LONDON.- Ben Brown Fine Arts presents a major solo exhibition of Gavin Turk’s highly influential works to coincide with the long-awaited publication of the first monograph of the artist. Entitled The Years, to signify over two decades of remarkable output with deeper resonances throughout art history, the exhibition features a number of works that have never been shown before in the UK, as well as new pieces inspired by the distinct methods and styles of two 20th Century Italian masters: Lucio Fontana and Michelangelo Pistoletto.

Turk’s artworks frequently bear his own name or image but also refer to the works of artists before him. He paradoxically began his career with a blue heritage plaque announcing his own demise and posthumous recognition, but his subsequent work has drawn on art-historical icons to play with the idea of various reincarnations. Among the most recognisable on display is Triple Pop Black and White (2011), a variant on Turk’s famous waxwork Pop (1993), in which the artist portrays himself as Sid Vicious in the gunslinging pose of Warhol’s ‘Elvis’. In this latest work, Turk’s appropriation of Warhol comes full circle with the use of the same silkscreen process. By contrast, Oscar II (2000), a curious bust of Turk with a shotgun nose and bulging eggs for eyes, draws on the figure in Magritte’s L’ellipse.

Symbolising life, creation and originality, eggs recur in new works inspired by Fontana’s buchi (‘holes’) and tagli (‘slashes’) series. Turk’s ovoid canvases are punctured with painstaking precision to spell his initials, as part of his on-going exploration of process and authorship. Similarly, broken egg shells fixed to a canvas spell out Turk’s signature in One Thousand, Two Hundred and Thirty-Four Eggs (1997). On the surface the work is a statement of artistic identity, but it also acknowledges its debt to Belgian Surrealist Marcel Broodthaers and the textured white canvasses of Manzoni’s ‘Achrome’ paintings.

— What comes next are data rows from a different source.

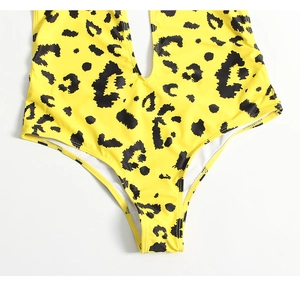 Detailed macro view of yellow leopard print one-piece swimsuit fabric and stitching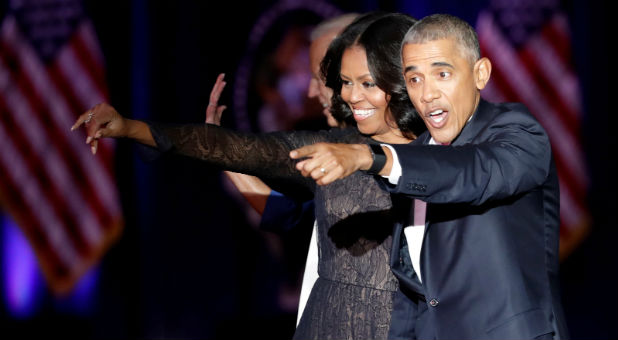 U.S. President Barack Obama and his wife Michelle acknowledge the crowd after President Obama delivered a farewell address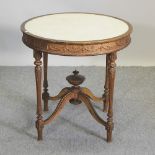 A Victorian gilt occasional table, with a white painted top,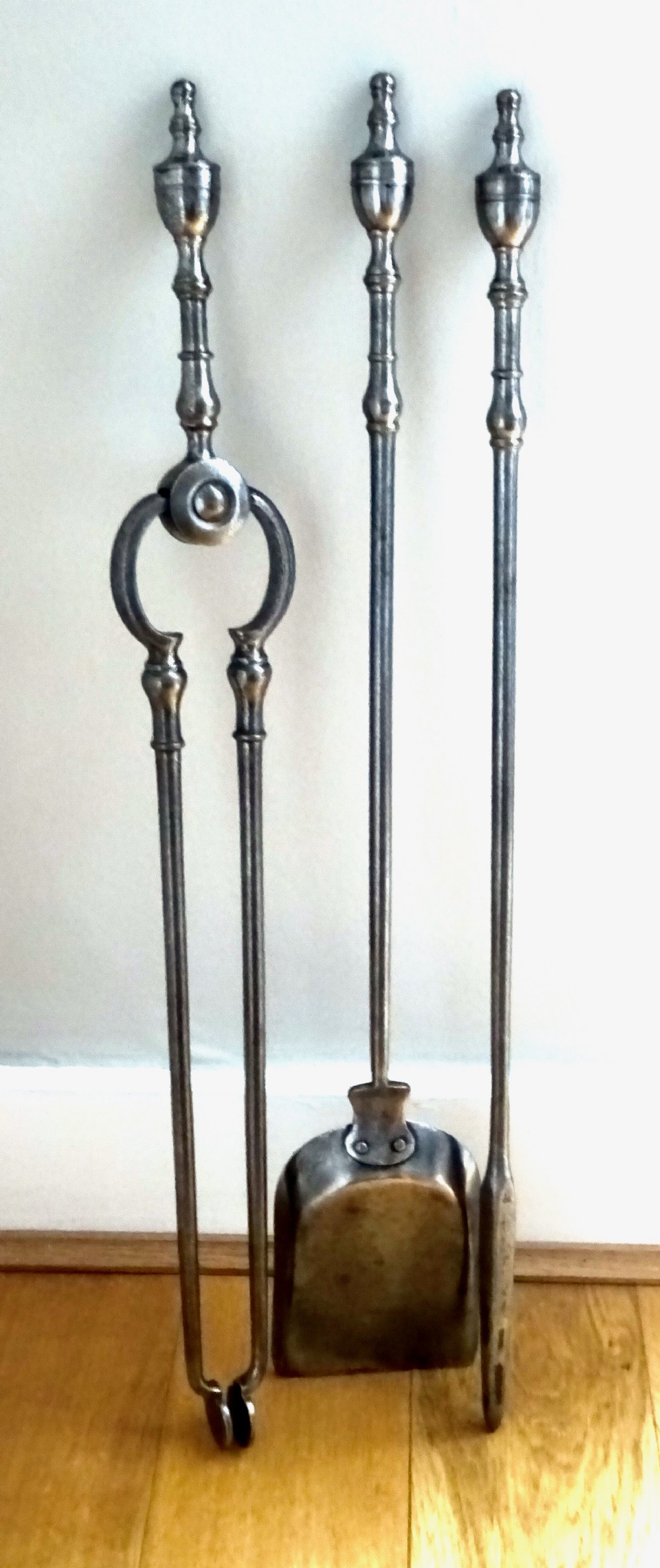 CIRCA 1900 A SET OF STEEL FIRE IRONS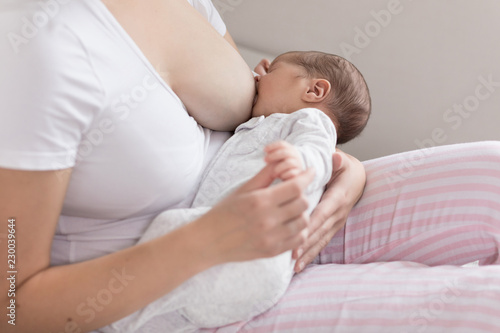 Young mother breastfeeding her newborn baby son. Happy mom hugging her babyboy close-up. Breast feeding and lactation infant concept.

At the exhibition Turk will also premiere a new work inspired by the defining ‘Mirror Paintings’ Pistoletto began in the Sixties. Pistoletto’s Rubbish (2013) cleverly fuses the highly polished surfaces associated with the Italian master with a silkscreened image of Turk’s own iconic bin bag sculptures. This latest work adds another layer of illusion to the artist’s subversion of the rules of commercial art. Turk pioneered a new British trompe l’oeil when he first began casting bronze sculptures that he then painted to look like ephemera or urban waste. While Refuse (2012) is an exquisitely detailed sculpture that resembles a bin bag, Habitat (Zingy Purple) (2004) and Burnt Out (2008) make provocative references to sleeping rough.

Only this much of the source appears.